A Japanese company has come up with a gizmo called a Tele Scouter / テレスカウター which can translate what people say to you in foreign languages and display the results via a retinal display attached to your glasses.

The Tele Scouter is a small gadget that fixes onto glasses which incorporates a retinal display, a camera and a microphone. The microphone picks up the language and transmits it to a small computer worn around the waist, which sends it to a server for translation. The translation is then displayed on the retina. The device cannot currently keep up with language spoken at normal speed, and is a bit bulky, but it’s an interesting development.

If the size can be reduced and the speed and reliability increase, this device could be really useful. If it could also translate and/or transliterate written language, if would be even more useful, especially in for languages written with different writing systems.

7 thoughts on “Translator specs

  1. There was an iPhone application released recently called Jibbigo that does speech-to-speech translation between English and Spanish. While a retinal display has the potential of being more discrete this application has the benefit of working both ways. 🙂

    http://www.youtube.com/watch?v=ealQk1lX4yw

  2. There are still light years to go for speech recognition applications (machine translation itself is still awful unless it’s just for informal purposes), but definitely kudos to the new developments, even if they’ll be functionally “beta” for quite a while.

  3. Online keyboards software, translation software, speech recognition software…how could human translators and interpreters not be scared? The brute force labor of language professionals is being replaced by machines. Soon, language professionals may only be needed at the end phase of refinement and copy-editing.

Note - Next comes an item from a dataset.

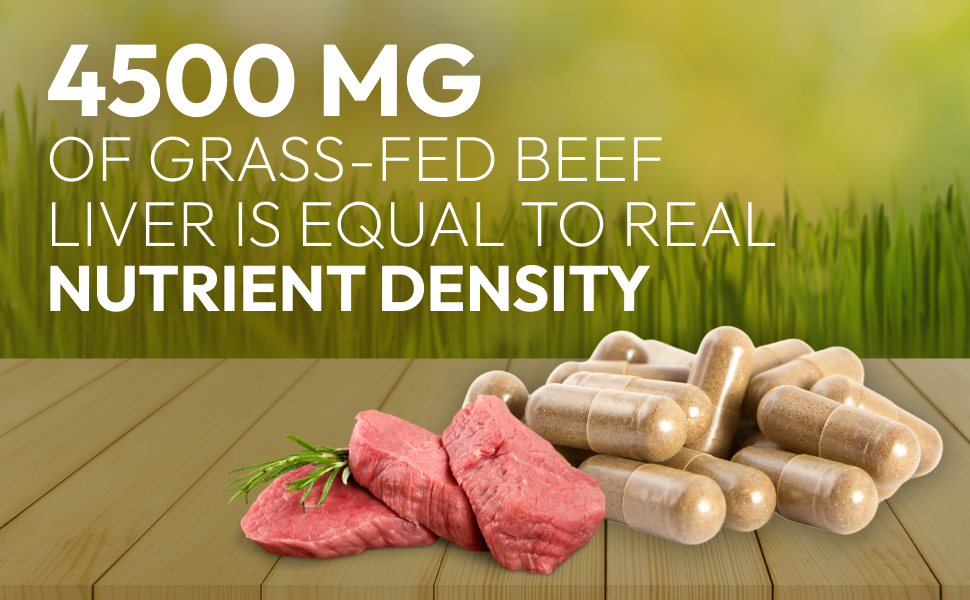HAZEL'S Choice Grassfed Beef Liver Supplement 4500mg, 180 Capsules, Unflavored, Organ Support Supplement & Nutrient-Rich, 30 Servings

  4. I think machines won’t be as good as humans at translation for a very long time.
    They are getting impressive at giving rough translations to give you a general idea of what a text is about but they still don’t actually understand what they are translating. Without this comprehension, they can never see the context of a text or the mood of a speaker for example.
    Still, gadgets like this are getting more and more useful.

  5. While computer translation is getting better, I agree that it’s just not there yet. This is quite a cool idea though.

  6. Once again, technological advances seek to replace or restructure entire professions. In this case the profession of translator or interpreter. For a while, professional translators and interpreters will be needed for fine tuning the machine translators, however, the need for this is likely to be phased out if the vast improvement seen in speech recognition technology over the past decade is any indication of how translation software will improve. I don’t understand why they would prefer to combine the pocket translator with retinal projection glasses, an emerging technology, rather than an earphone in which the words are spoken. This would seem like an easier feat. Perhaps limited bandwidth? Or perhaps they’ve developed the retinal projection glasses and this just happens to be one of the first applications for it that they chose to publicize? Once mass production drives these glasses down in size and price, the applications for it are subject only to the imagination. They will replace all types of displays, and if combined with pupil tracking, they can replace input devices like mouses and touch-pads. Your cell phone display could be displayed on your retina at all times. Movies and games can be in 3d if different images are properly beamed in each eye. The current technology may be only limited to simple lines, so this may be why they chose translation and user-manuals as the first applications.